▸ Provided information:
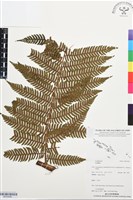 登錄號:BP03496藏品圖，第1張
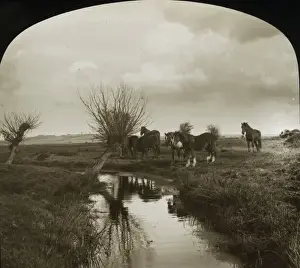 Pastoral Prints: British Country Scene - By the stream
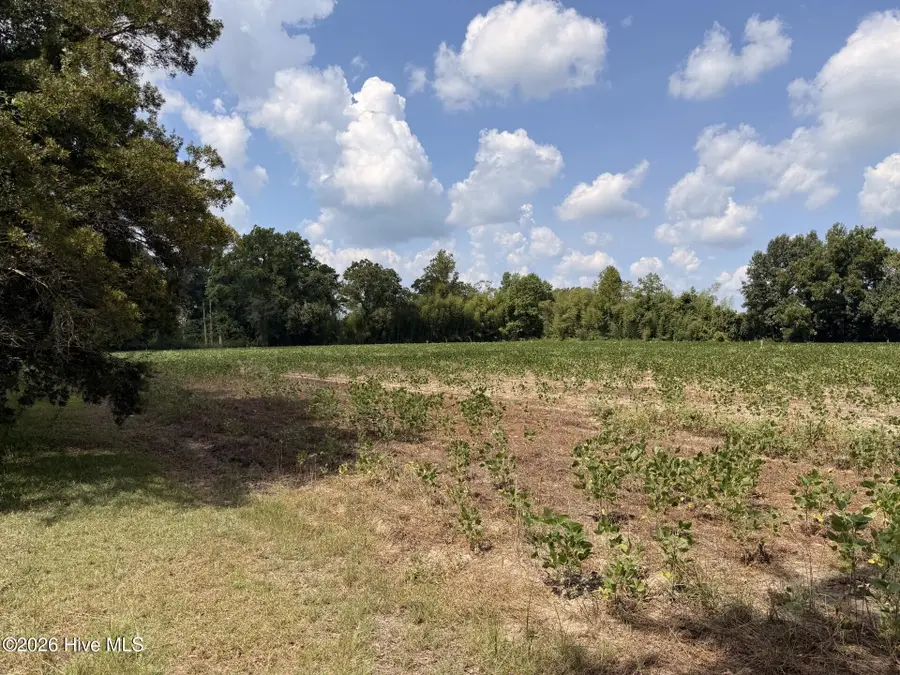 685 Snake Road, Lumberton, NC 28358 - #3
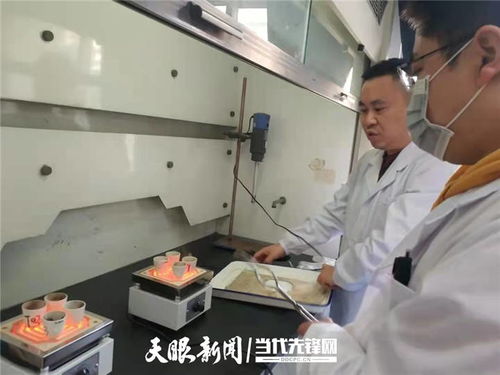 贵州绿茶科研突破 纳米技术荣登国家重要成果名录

==

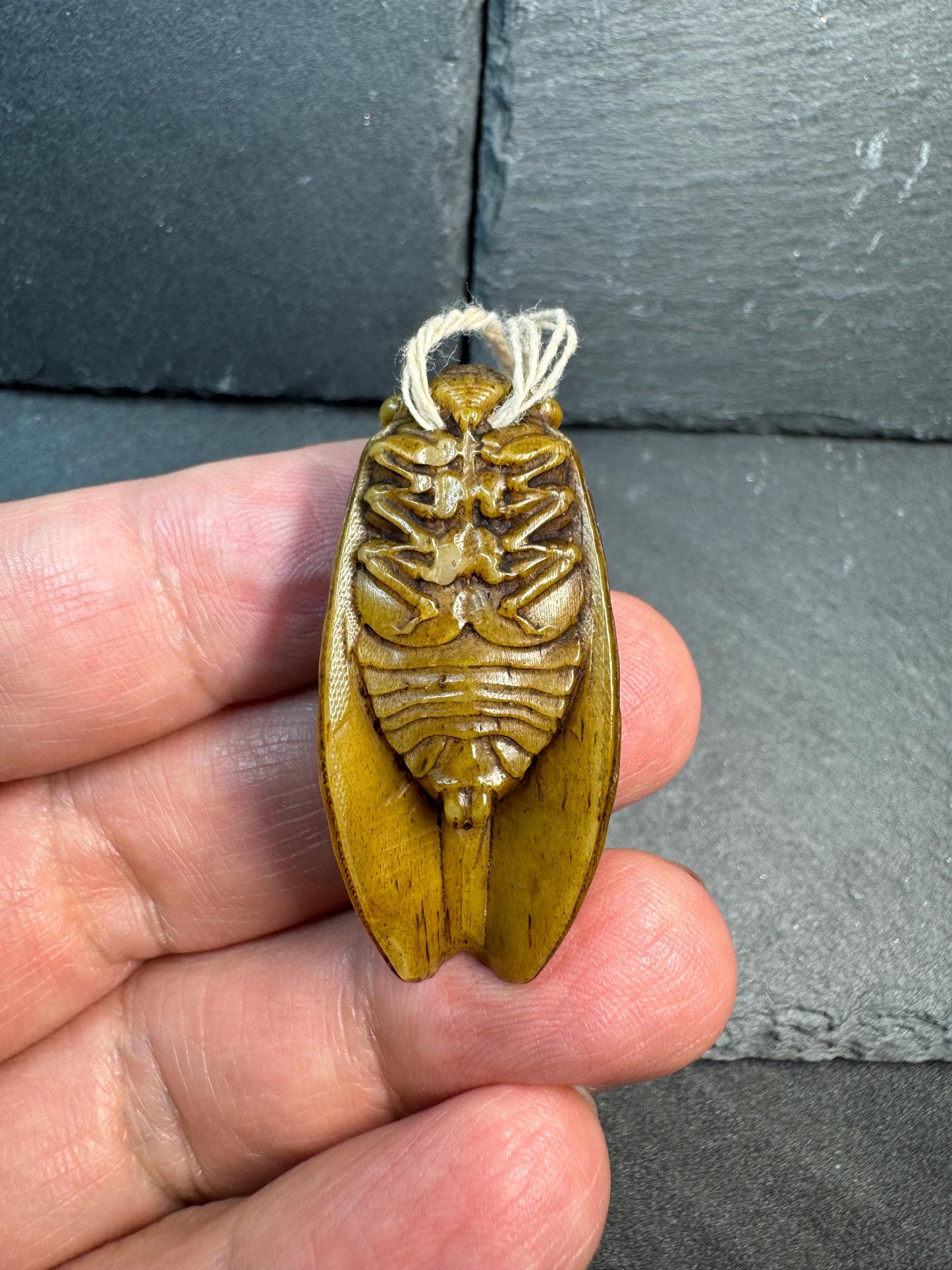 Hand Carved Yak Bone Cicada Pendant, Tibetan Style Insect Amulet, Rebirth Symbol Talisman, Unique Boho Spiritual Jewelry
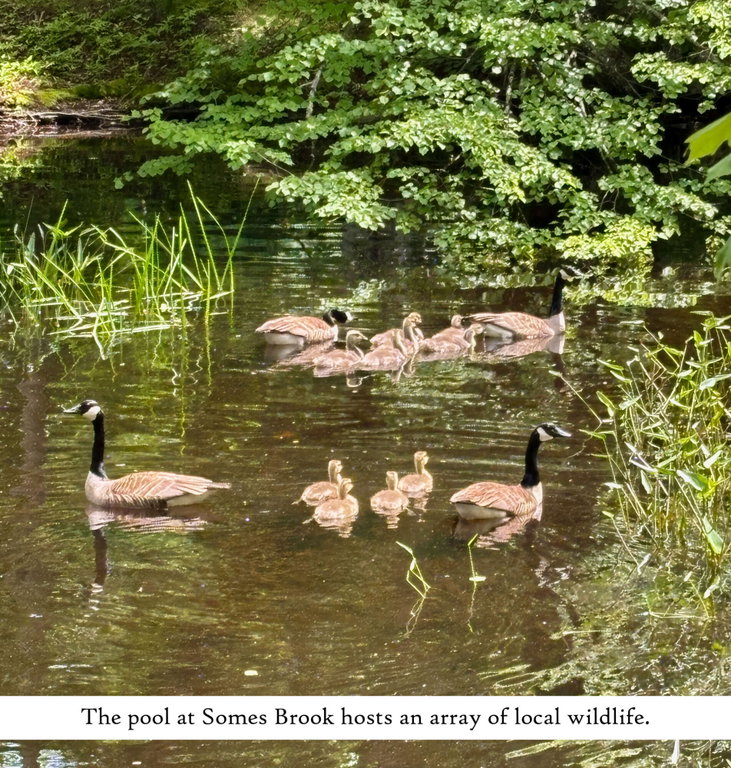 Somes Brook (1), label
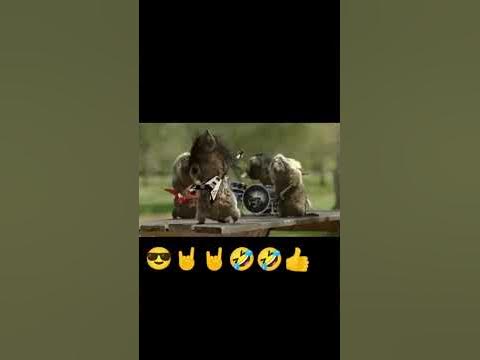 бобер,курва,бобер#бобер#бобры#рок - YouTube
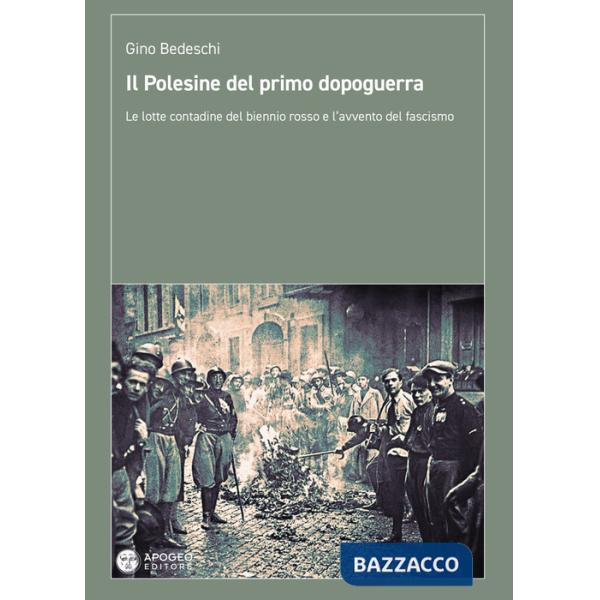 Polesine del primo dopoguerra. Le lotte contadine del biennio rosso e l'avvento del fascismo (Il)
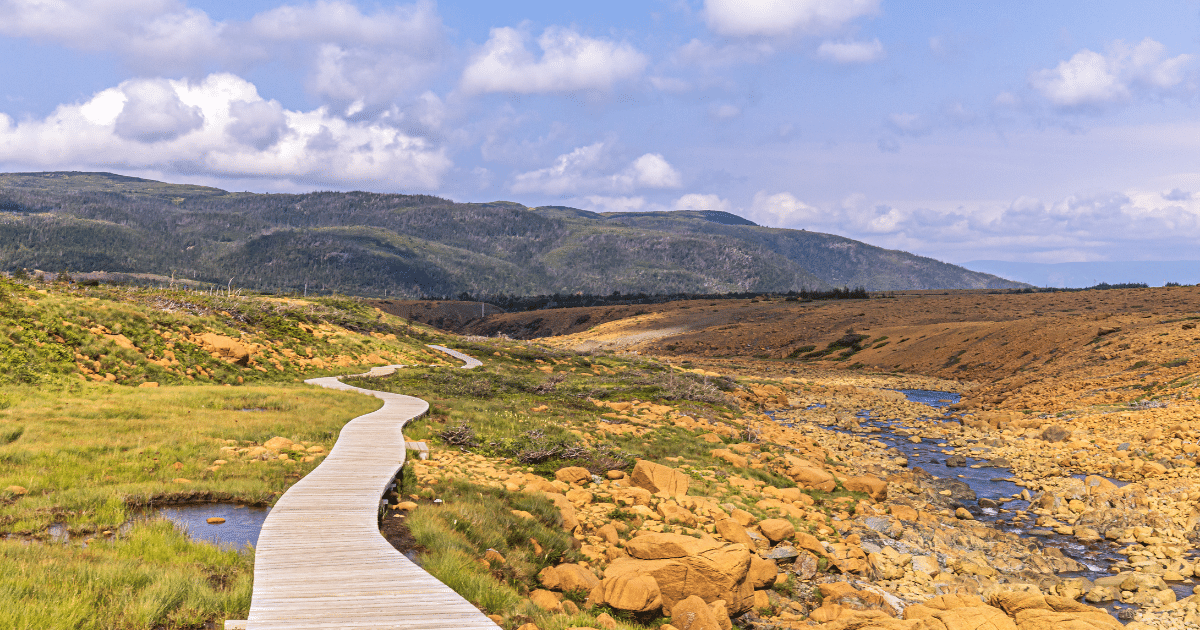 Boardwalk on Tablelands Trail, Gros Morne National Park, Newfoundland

* * *

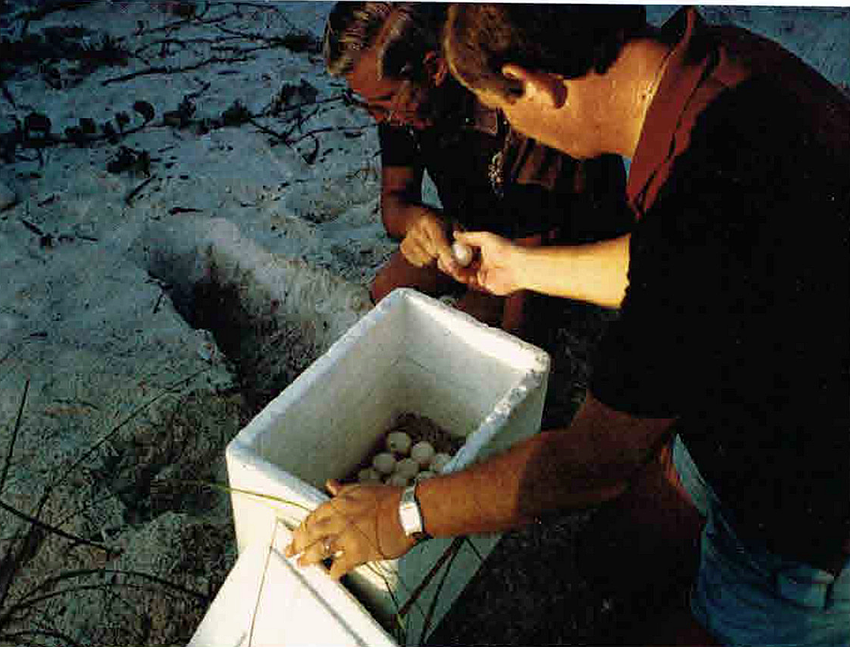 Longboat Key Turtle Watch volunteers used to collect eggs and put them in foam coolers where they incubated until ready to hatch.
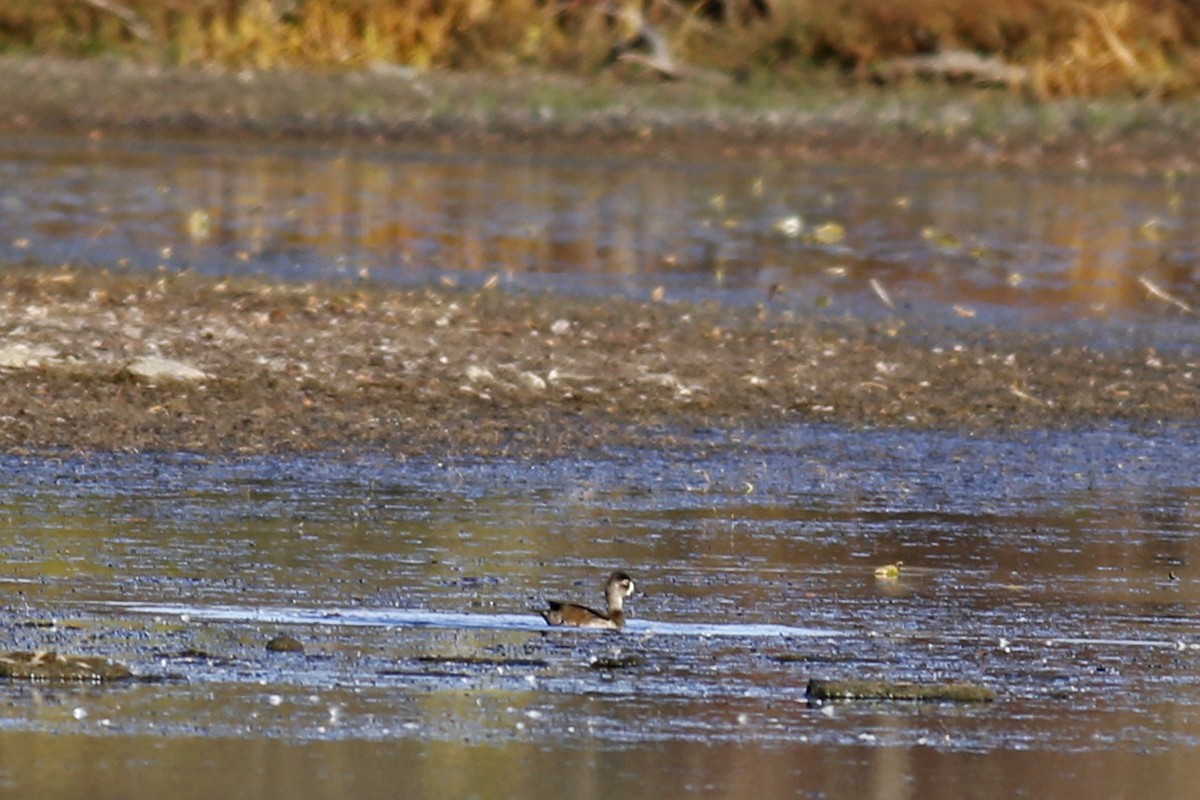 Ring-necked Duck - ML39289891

▸ What you should do: For this exercise, please set down exactly the lines of the listing above from the line with "Somes Brook (1), label" up to and including the line with "Boardwalk on Tablelands", and no pictures.

▸ Answer to this problem:
 Somes Brook (1), label
 бобер,курва,бобер#бобер#бобры#рок - YouTube
 Polesine del primo dopoguerra. Le lotte contadine del biennio rosso e l'avvento del fascismo (Il)
 Boardwalk on Tablelands Trail, Gros Morne National Park, Newfoundland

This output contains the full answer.